**Dataset excerpts:**
================

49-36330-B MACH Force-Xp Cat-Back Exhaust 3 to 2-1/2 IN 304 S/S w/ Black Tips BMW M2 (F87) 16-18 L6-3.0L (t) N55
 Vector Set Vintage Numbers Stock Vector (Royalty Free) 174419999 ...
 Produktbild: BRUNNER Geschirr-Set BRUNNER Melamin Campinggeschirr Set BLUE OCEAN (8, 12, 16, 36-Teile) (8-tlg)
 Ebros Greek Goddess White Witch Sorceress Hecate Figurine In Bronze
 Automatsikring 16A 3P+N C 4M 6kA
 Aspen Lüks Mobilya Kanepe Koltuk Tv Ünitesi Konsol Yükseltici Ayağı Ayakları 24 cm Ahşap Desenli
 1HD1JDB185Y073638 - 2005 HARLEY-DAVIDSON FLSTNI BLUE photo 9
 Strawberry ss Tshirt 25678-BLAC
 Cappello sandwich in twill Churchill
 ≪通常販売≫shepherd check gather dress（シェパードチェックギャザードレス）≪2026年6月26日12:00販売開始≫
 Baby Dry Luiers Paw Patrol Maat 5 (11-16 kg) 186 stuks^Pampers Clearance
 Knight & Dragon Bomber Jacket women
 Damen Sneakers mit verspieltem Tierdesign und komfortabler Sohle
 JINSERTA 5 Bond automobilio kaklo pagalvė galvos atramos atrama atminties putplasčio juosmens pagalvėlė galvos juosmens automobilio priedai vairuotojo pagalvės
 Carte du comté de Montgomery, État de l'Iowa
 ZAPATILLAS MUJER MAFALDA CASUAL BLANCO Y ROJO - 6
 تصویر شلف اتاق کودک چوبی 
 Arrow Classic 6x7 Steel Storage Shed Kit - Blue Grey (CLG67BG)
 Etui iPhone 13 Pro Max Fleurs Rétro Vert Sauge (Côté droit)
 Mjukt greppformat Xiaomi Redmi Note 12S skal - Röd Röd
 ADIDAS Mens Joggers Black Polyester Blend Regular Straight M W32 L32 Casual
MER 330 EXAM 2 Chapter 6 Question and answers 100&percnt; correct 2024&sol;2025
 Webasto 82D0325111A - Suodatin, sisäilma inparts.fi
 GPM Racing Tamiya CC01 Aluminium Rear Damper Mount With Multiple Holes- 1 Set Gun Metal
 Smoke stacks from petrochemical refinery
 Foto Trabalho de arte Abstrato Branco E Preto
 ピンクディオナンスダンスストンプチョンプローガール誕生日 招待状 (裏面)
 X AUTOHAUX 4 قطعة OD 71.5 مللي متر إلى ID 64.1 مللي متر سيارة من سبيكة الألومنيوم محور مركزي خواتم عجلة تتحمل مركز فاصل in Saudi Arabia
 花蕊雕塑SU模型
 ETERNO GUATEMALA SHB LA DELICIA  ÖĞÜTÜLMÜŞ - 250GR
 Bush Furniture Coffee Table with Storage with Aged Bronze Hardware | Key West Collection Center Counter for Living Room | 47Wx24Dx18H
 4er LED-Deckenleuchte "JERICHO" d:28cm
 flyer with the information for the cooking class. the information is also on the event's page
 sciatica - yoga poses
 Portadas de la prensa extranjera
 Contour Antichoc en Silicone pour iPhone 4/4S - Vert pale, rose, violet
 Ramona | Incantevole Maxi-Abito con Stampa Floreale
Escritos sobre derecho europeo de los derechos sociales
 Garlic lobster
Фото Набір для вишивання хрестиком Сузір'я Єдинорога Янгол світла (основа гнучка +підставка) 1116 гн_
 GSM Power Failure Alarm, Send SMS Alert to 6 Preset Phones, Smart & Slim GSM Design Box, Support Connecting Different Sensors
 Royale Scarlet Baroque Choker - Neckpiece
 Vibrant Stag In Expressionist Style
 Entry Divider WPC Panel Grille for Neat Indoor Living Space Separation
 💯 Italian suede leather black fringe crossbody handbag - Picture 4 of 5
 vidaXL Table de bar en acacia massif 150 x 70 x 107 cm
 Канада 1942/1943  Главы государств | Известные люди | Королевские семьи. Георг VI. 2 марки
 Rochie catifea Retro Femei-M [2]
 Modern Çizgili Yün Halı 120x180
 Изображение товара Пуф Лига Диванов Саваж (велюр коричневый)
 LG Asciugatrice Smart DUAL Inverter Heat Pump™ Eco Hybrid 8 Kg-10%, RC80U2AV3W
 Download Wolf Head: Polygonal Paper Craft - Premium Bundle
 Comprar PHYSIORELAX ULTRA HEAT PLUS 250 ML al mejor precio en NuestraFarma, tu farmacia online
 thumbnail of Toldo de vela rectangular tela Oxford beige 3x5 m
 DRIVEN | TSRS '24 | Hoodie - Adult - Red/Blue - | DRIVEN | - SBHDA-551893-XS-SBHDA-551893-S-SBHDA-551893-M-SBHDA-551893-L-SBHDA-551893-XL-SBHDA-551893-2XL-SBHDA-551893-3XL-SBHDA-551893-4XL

================

Could the entire listing be reproduced without any alteration?

**Exercise output:**
49-36330-B MACH Force-Xp Cat-Back Exhaust 3 to 2-1/2 IN 304 S/S w/ Black Tips BMW M2 (F87) 16-18 L6-3.0L (t) N55
 Vector Set Vintage Numbers Stock Vector (Royalty Free) 174419999 ...
 Produktbild: BRUNNER Geschirr-Set BRUNNER Melamin Campinggeschirr Set BLUE OCEAN (8, 12, 16, 36-Teile) (8-tlg)
 Ebros Greek Goddess White Witch Sorceress Hecate Figurine In Bronze
 Automatsikring 16A 3P+N C 4M 6kA
 Aspen Lüks Mobilya Kanepe Koltuk Tv Ünitesi Konsol Yükseltici Ayağı Ayakları 24 cm Ahşap Desenli
 1HD1JDB185Y073638 - 2005 HARLEY-DAVIDSON FLSTNI BLUE photo 9
 Strawberry ss Tshirt 25678-BLAC
 Cappello sandwich in twill Churchill
 ≪通常販売≫shepherd check gather dress（シェパードチェックギャザードレス）≪2026年6月26日12:00販売開始≫
 Baby Dry Luiers Paw Patrol Maat 5 (11-16 kg) 186 stuks^Pampers Clearance
 Knight & Dragon Bomber Jacket women
 Damen Sneakers mit verspieltem Tierdesign und komfortabler Sohle
 JINSERTA 5 Bond automobilio kaklo pagalvė galvos atramos atrama atminties putplasčio juosmens pagalvėlė galvos juosmens automobilio priedai vairuotojo pagalvės
 Carte du comté de Montgomery, État de l'Iowa
 ZAPATILLAS MUJER MAFALDA CASUAL BLANCO Y ROJO - 6
 تصویر شلف اتاق کودک چوبی 
 Arrow Classic 6x7 Steel Storage Shed Kit - Blue Grey (CLG67BG)
 Etui iPhone 13 Pro Max Fleurs Rétro Vert Sauge (Côté droit)
 Mjukt greppformat Xiaomi Redmi Note 12S skal - Röd Röd
 ADIDAS Mens Joggers Black Polyester Blend Regular Straight M W32 L32 Casual
MER 330 EXAM 2 Chapter 6 Question and answers 100&percnt; correct 2024&sol;2025
 Webasto 82D0325111A - Suodatin, sisäilma inparts.fi
 GPM Racing Tamiya CC01 Aluminium Rear Damper Mount With Multiple Holes- 1 Set Gun Metal
 Smoke stacks from petrochemical refinery
 Foto Trabalho de arte Abstrato Branco E Preto
 ピンクディオナンスダンスストンプチョンプローガール誕生日 招待状 (裏面)
 X AUTOHAUX 4 قطعة OD 71.5 مللي متر إلى ID 64.1 مللي متر سيارة من سبيكة الألومنيوم محور مركزي خواتم عجلة تتحمل مركز فاصل in Saudi Arabia
 花蕊雕塑SU模型
 ETERNO GUATEMALA SHB LA DELICIA  ÖĞÜTÜLMÜŞ - 250GR
 Bush Furniture Coffee Table with Storage with Aged Bronze Hardware | Key West Collection Center Counter for Living Room | 47Wx24Dx18H
 4er LED-Deckenleuchte "JERICHO" d:28cm
 flyer with the information for the cooking class. the information is also on the event's page
 sciatica - yoga poses
 Portadas de la prensa extranjera
 Contour Antichoc en Silicone pour iPhone 4/4S - Vert pale, rose, violet
 Ramona | Incantevole Maxi-Abito con Stampa Floreale
Escritos sobre derecho europeo de los derechos sociales
 Garlic lobster
Фото Набір для вишивання хрестиком Сузір'я Єдинорога Янгол світла (основа гнучка +підставка) 1116 гн_
 GSM Power Failure Alarm, Send SMS Alert to 6 Preset Phones, Smart & Slim GSM Design Box, Support Connecting Different Sensors
 Royale Scarlet Baroque Choker - Neckpiece
 Vibrant Stag In Expressionist Style
 Entry Divider WPC Panel Grille for Neat Indoor Living Space Separation
 💯 Italian suede leather black fringe crossbody handbag - Picture 4 of 5
 vidaXL Table de bar en acacia massif 150 x 70 x 107 cm
 Канада 1942/1943  Главы государств | Известные люди | Королевские семьи. Георг VI. 2 марки
 Rochie catifea Retro Femei-M [2]
 Modern Çizgili Yün Halı 120x180
 Изображение товара Пуф Лига Диванов Саваж (велюр коричневый)
 LG Asciugatrice Smart DUAL Inverter Heat Pump™ Eco Hybrid 8 Kg-10%, RC80U2AV3W
 Download Wolf Head: Polygonal Paper Craft - Premium Bundle
 Comprar PHYSIORELAX ULTRA HEAT PLUS 250 ML al mejor precio en NuestraFarma, tu farmacia online
 thumbnail of Toldo de vela rectangular tela Oxford beige 3x5 m
 DRIVEN | TSRS '24 | Hoodie - Adult - Red/Blue - | DRIVEN | - SBHDA-551893-XS-SBHDA-551893-S-SBHDA-551893-M-SBHDA-551893-L-SBHDA-551893-XL-SBHDA-551893-2XL-SBHDA-551893-3XL-SBHDA-551893-4XL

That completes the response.